For Zaldain, a three-time Classic qualifier, it’s often the lure that he starts with on an unfamiliar body of water on the first day of practice, both at this time of year and again in the fall. “I can make a long cast and work it all the way back to the boat,” he said. “I can use a real steady cadence all the way back to the boat or if I come across something like an isolated patch of lily pads, I can slow down and work it like a popper or with a walk-walk-pause retrieve.” It covers more water than a popper, and it looks more natural and usually hooks more fish than a buzzbait.
While these lures are deadly around shallow cover, Evers also said that they can be exceptional for pulling bass out of deep, clear water, especially smallmouth bass and spotted bass. He’ll use a rattling version to call them up out of the depths, but if the fish are curious but won’t commit, he’ll switch to a silent version. That’s one reason he likes the 4 3/4“ Megabass Dog-X Diamante, because the same ultra-realistic profile comes in both styles. He also likes it because he can throw the ¾ ounce lure a country mile. Of course, there are plenty of walking baits that feature similar heft, but what makes this one special, Zaldain added, is that “it stays real high in the water column, which is critical when you’re dealing with a chop in clear water.”
Zaldain also likes the Diamante because it has a “very, very long stride, almost a full foot.” There are times when he wants the tighter stride of a more subtle dog walker, and then he’ll tie on something different, but when it’s time to draw fish from a distance, he wants a big profile and a wide gait.
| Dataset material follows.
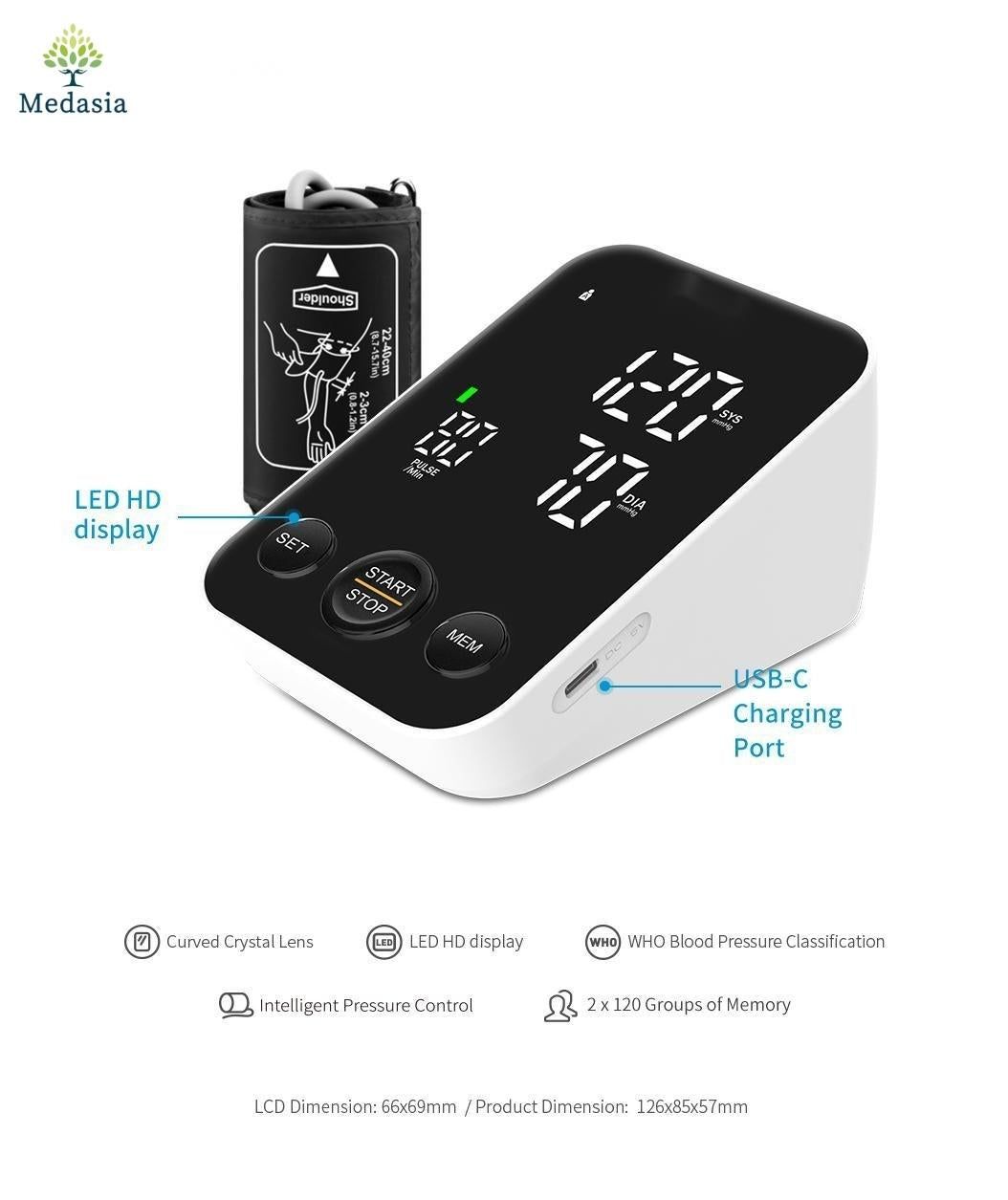 Medasia smart BP monitor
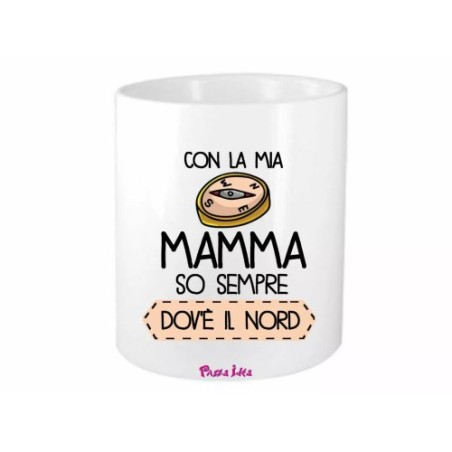 portapenne 8x10 scritta con la mia mamma so sempre dov'e nord regalo compleanno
Of course, one occupational hazard of fishing topwaters with a wide sashay is missed strikes. That’s another reason that both Zaldain and Evers like a model with three trebles when that’s possible. “Your hook up ratio will be a lot better,” Zaldain said. “Those number five trebles do not foul up and if a fish even looks at it funny he’s going to get hooked up, just the way the lure comes out of the package.” Of course, sometimes the fish miss the lure altogether. When they’re chasing but won’t take it in their mouths, that tells an angler that something is slightly off. For Evers, the first step to rectify that problem might be to switch from the rattling version to the silent one, or vice versa. If that doesn’t work, he’ll switch up his colors. In very clear water he’ll usually start with a translucent color like HT Kossori Shad or something natural like Megabass Sexy Shad, and when the water’s a bit more stained he’ll turn to something opaque, most often Bahama Milk Pearl. However, he noted that the bass can be surprisingly fickle about the paint job they’ll eat, so it pays to experiment, especially when curious fish won’t seal the deal.
Zaldain agreed that a high level of detail can mean the difference between tournament wins and fish that merely look or swipe halfheartedly at a lure. A dirty water largemouth sitting behind a stump might merely react to the sound and presence of the lure, and a clear water smallmouth with a head of steam might do the same, but it’s more common for a fish to examine the lure, or rocket at it and turn away if an angler has not properly dialed in the applicable profile, action and color scheme. The advantage of having both a rattling and a silent version is that if the fish become conditioned to one, the other can be used as a pinch hitter to re-energize the bite.
Evers throws the Dog-X Diamante on a 7’ medium action baitcasting rod paired with a high speed reel spooled with 40 pound braided line. That allows him to maximize his casting distance and the lack of line stretch means that he can work the bait more easily. Zaldain, on the other hand, typically uses 20 pound monofilament, which absorbs the shock of a brutal strike and allows the lure maximum range of motion as it sashays across the surface. He fishes it on his favorite topwater rod, a Megabass Destroyer USA Oneten Special, a 6’11” stick with a moderate action that also has a short butt section, which allows him to make long bomb casts when covering massive amounts of water is critical, but also allows him to work it properly at short range.
“It’s not just a great search bait,” Evers concluded. “It’s something I have tied on all the time, because I know it’ll pull in big fish.”